1. Joanne Wortman - June 11, 2011

I think today’s business climate more often demands taking it all on at once. There are some situations where we don’t have the luxury of achieving full alignment, and have to neutralize the influence of the parties who will not get on board.

I see the narrow scope change initiatives as being evolutionary, but the big scope initiatives are essentially disruptive,– things like mergers, divestitures, ERP implementations, introduction of whole new product lines, or fundamental changes in the business model. An additional complication arises when these big initiatives shift strategy midstream, preventing you from achieving any sort of equilibrium between phases.

You are right on target, there is no single right answer. The answer often changes while the change is in motion!

timrodgers - June 11, 2011

Thanks for the comment. I agree that full alignment is an unlikely event, although I make a point of explaining the reasons for the change. It would be great if everyone came on-board, but agreement is not required, only listening and (at best) understanding.

Big scope changes are certainly disruptive, and I think your point is that if you’re going to be disruptive, then it’s best to dive in and “just do it.”

Thanks for giving me the opportunity to expand this topic a bit. Here are a few additional thoughts:

1. I agree that flexibility is needed during any change management initiative, particularly in response to unexpected events or elements that were not taken into account during the initial planning. I think the challenge for the change manager is differentiating between legitimate considerations vs. objections that are derived from resistance.

2. Even in a “big bang” disruptive change initiative it’s vitally important to monitor and measure the effectiveness of the changes. In my recent experience as a quality director I know the value of systematically introducing change to a production process so you can be confident that the last change had the intended effect. Introduce too many changes at once and you don’t know which one was the one that worked. Unfortunately business processes don’t usually allow for that kind of controlled experimentation, but you still have to determine if the changes are moving you in the intended direction.

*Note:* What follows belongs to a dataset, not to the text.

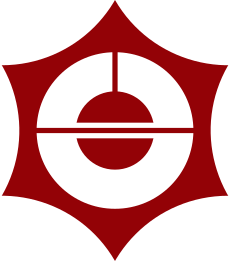Emblem of Taito, Tokyo.svg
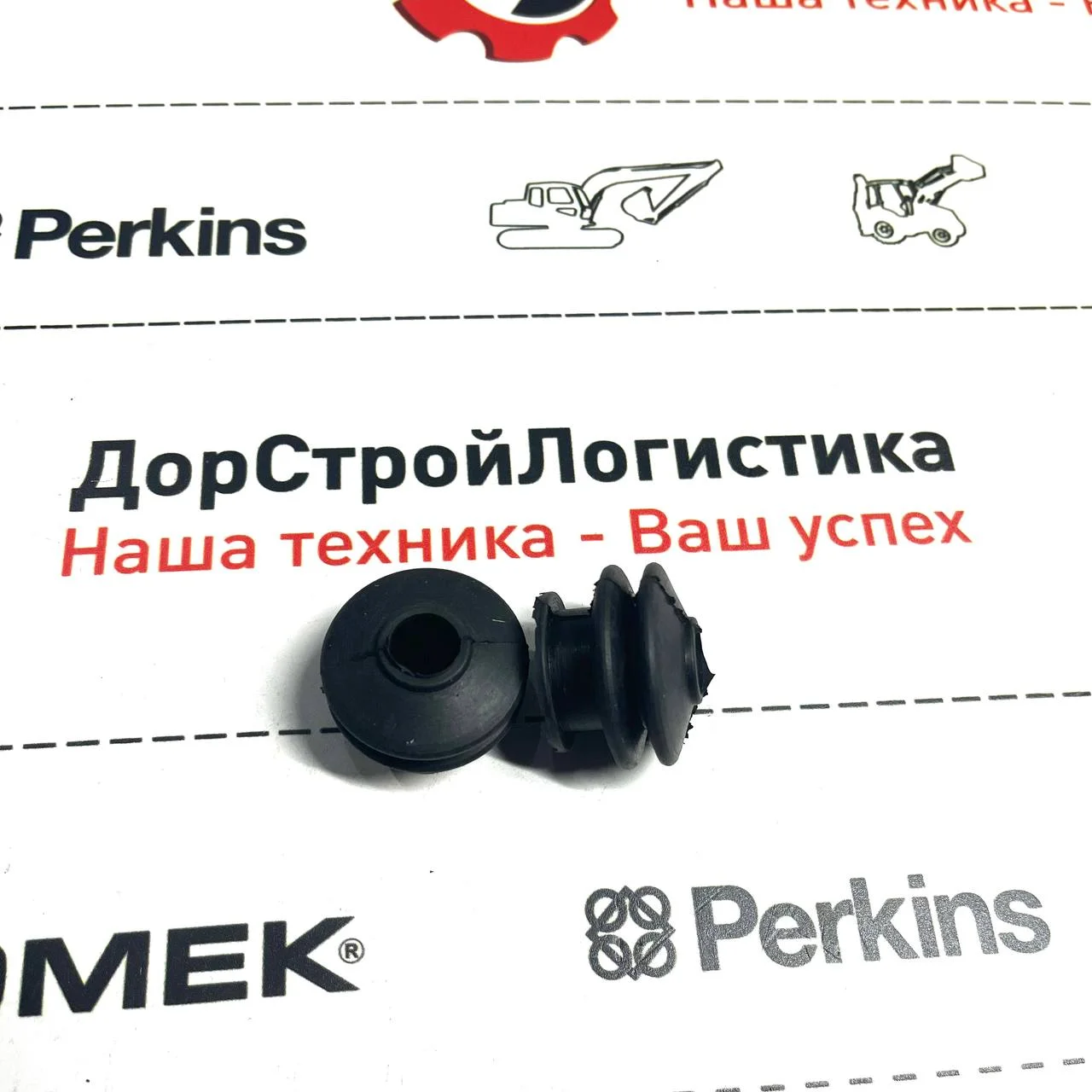 Пыльник золотника гидрораспределителя, Hidromek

3. In my original post I forgot to come back to my early point, which has to do with the readiness and capability of the team to handle changes of different magnitudes. I still think that’s a consideration, but it has more to do with how much support the team needs during the change. If the change is justified by business priorities, I don’t think the manager can say, “Well, the team really can’t handle this, so we’re not going to do it.” It does mean that the manager will have to work harder during the change, providing more communication, encouragement, training, and other support.

Finally, I should have added a plug for a great book on this topic: “Leading Change” by John P. Kotter (Harvard Business School Press, 1996).